Dec 302011

On the last patent application day of the year, the USPTO revealed a real treat for us.

It appears that Apple has added yet another dynamic new chapter to their ongoing smart bezel project; a project that has the potential of taking Apple’s iDevices to the next level. It could, without a doubt, revolutionize Apple’s entire tablet-based line-up in the blink of an eye. The idea revealed in today’s patent application is to advance iOS devices with a new live interface that is referred to as the Multi-Modal Human Interface. The new user interface is powered by a new engine that is able to detect environmental conditions and change the operational interactivity options for users so as to maximize the iDevice’s usefulness – automatically. It’s also designed to reduce power drainage so that devices could be up and running longer. One example provided for in Apple’s documentation is an iPad shutting down the standard iOS UI automatically in favor of one that is driven by a voice and speech recognition UI while the user is driving. This is certainly another natural avenue for Apple’s Siri. Yet, in the big picture, the smart bezel project is all about advancing the usability of future iOS devices on multiple levels. It’s a project that demonstrates that Apple’s leadership in all-things-tablets is based on driving the boundaries of true innovation to market and in the faces of their never ending competition. And on that note, I say Cheers to the Crazy Ones of Cupertino!       

Apple’s Patent Background

Apple’s invention background points to the iPad, iPhone and iPod touch having to have a lightweight battery yet have enough power to use the device and store information. In order to maximize an amount of time that an iOS device could operate while powered by the battery, the power consumption of the iOS device must be optimized for current operating conditions.

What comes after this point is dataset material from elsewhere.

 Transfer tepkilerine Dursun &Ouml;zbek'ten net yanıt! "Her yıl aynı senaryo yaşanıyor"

Depending upon the display technology, the display could consume a substantial amount of power when active. This is especially true of transmissive type displays (such as liquid crystal display, or LCD) that require an illumination source (also referred to as a backlight) that have a particularly high power demand. However, LCDs could be manufactured to be lightweight and thin, making them eminently well suited for use in small form factor portable electronic devices in spite of their high power requirements.

Therefore, a system, method, and apparatus for maintaining the ability of a user to interact with an electronic device for longer times are desired.

Apple’s Solution

Apple states that their invention covers small form factor electronic devices that include a processor and an interface engine in communication with the processor and a sensor coupled to the processor. The sensor is arranged to detect at least one environmental factor and pass an indication of the detected environmental factor to the processor.

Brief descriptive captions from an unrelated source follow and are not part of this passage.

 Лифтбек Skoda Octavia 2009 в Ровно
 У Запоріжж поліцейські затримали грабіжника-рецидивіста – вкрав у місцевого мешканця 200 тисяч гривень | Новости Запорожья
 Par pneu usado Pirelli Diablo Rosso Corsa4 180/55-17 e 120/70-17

The processor and the interface engine cooperate to determine if an environment of the electronic device has changed, identify an updated human interface when the environment has changed, and cause the small form factor electronic device to present the updated human interface only if a level of interactivity corresponding to the updated human interface is at least greater than a threshold level of interactivity.

For example, if the electronic device is battery powered and presents visual information using a transmissive type display (that requires backlight illumination), then providing an alternative human interface that relies upon enhancing the presentation of the visual content by increasing the amount of light (and therefore power) provided by the backlight in an environment of high ambient light (such as sunlight) is counterproductive to the maintenance of a long battery life.

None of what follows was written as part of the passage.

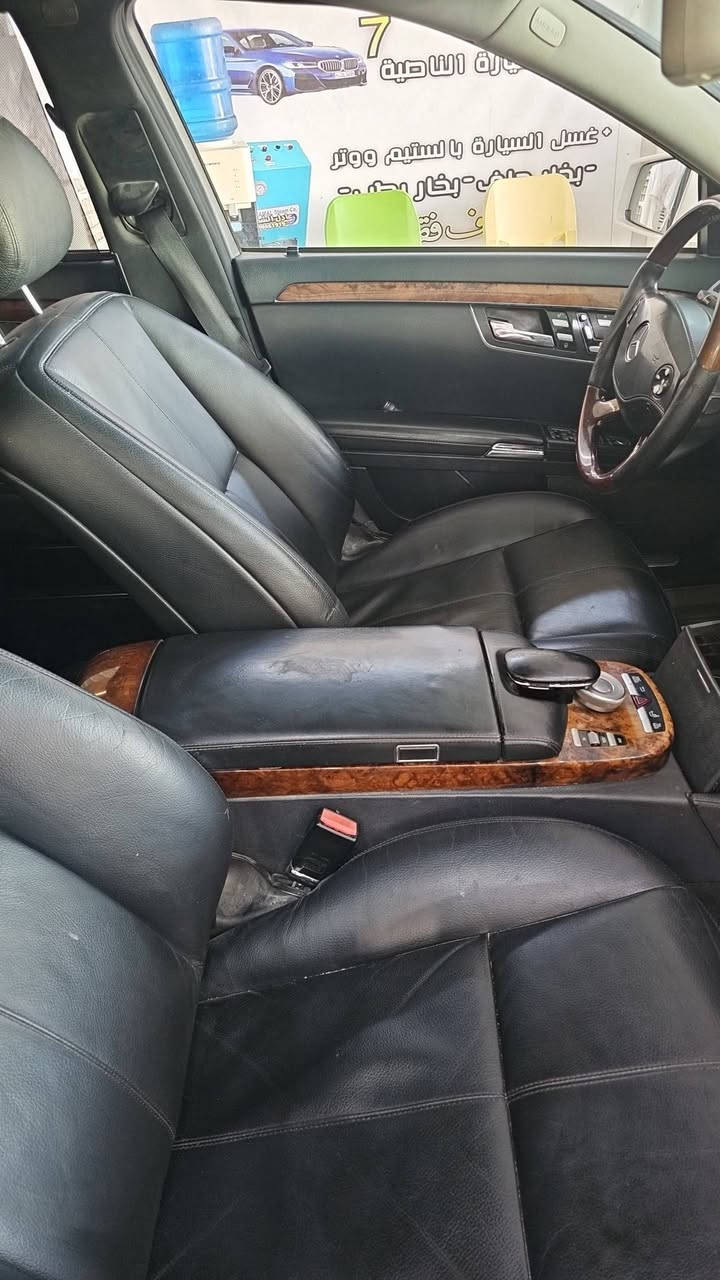 لسلام عليكم وين الكشاخه والكيافه بلاش بلاش للبيع S550 AMG
فول مواصفات موديل 2010 بردات تحكمات كشنات 

كهرباء فووووول للأخير متؤأمه طبق الاصل سنويه وارقام

يعني وين متريد براحتك سياره جديد جدآ كصة قماره السعر 44وبيهه مجال للشراي العنوان النجف اتصال***********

Shifting to Non-Visual Modes to Preserve Battery Life

Accordingly, the alternative human interface in the bright sunlight scenario should rely on mechanisms other than increasing the backlight in part or in whole to maintain the minimum level of interactivity as well as the useful life of the battery. For example, the alternative human interface in a bright light environment could rely upon non-visual interface modes such as a haptic interface mode, an audio interface mode, an inertial interface mode, and so on used singly or in combination.

Apple’s introduces us to the Multi-Modal Human Interface (MMHI)

Apple states that it should be noted that the environmental factors considered when determining an appropriate alternative human interface could include those external to the electronic device such as ambient light, ambient sound, and context of use. The environmental factor considered could also include those internal to the electronic device such as battery level and display technology. The embodiments described are particularly well suited for small form factor battery powered electronic devices having a display and could be implemented automatically based upon the detection of specific environmental factors at predefined levels.

In a particular embodiment, the alternative human interface could take the form of a multi-modal human interface (MMHI) provided by an MMHI engine. The MMHI engine could provide an updated MMHI arranged to automatically maintain a pre-determined level of interactivity between a user and the electronic device. In addition to maintaining at least the pre-determined level of interactivity, the updated MMHI could preserve selected operational resources, such as battery charge, when the electronic device takes the form of a portable computing device powered by a battery.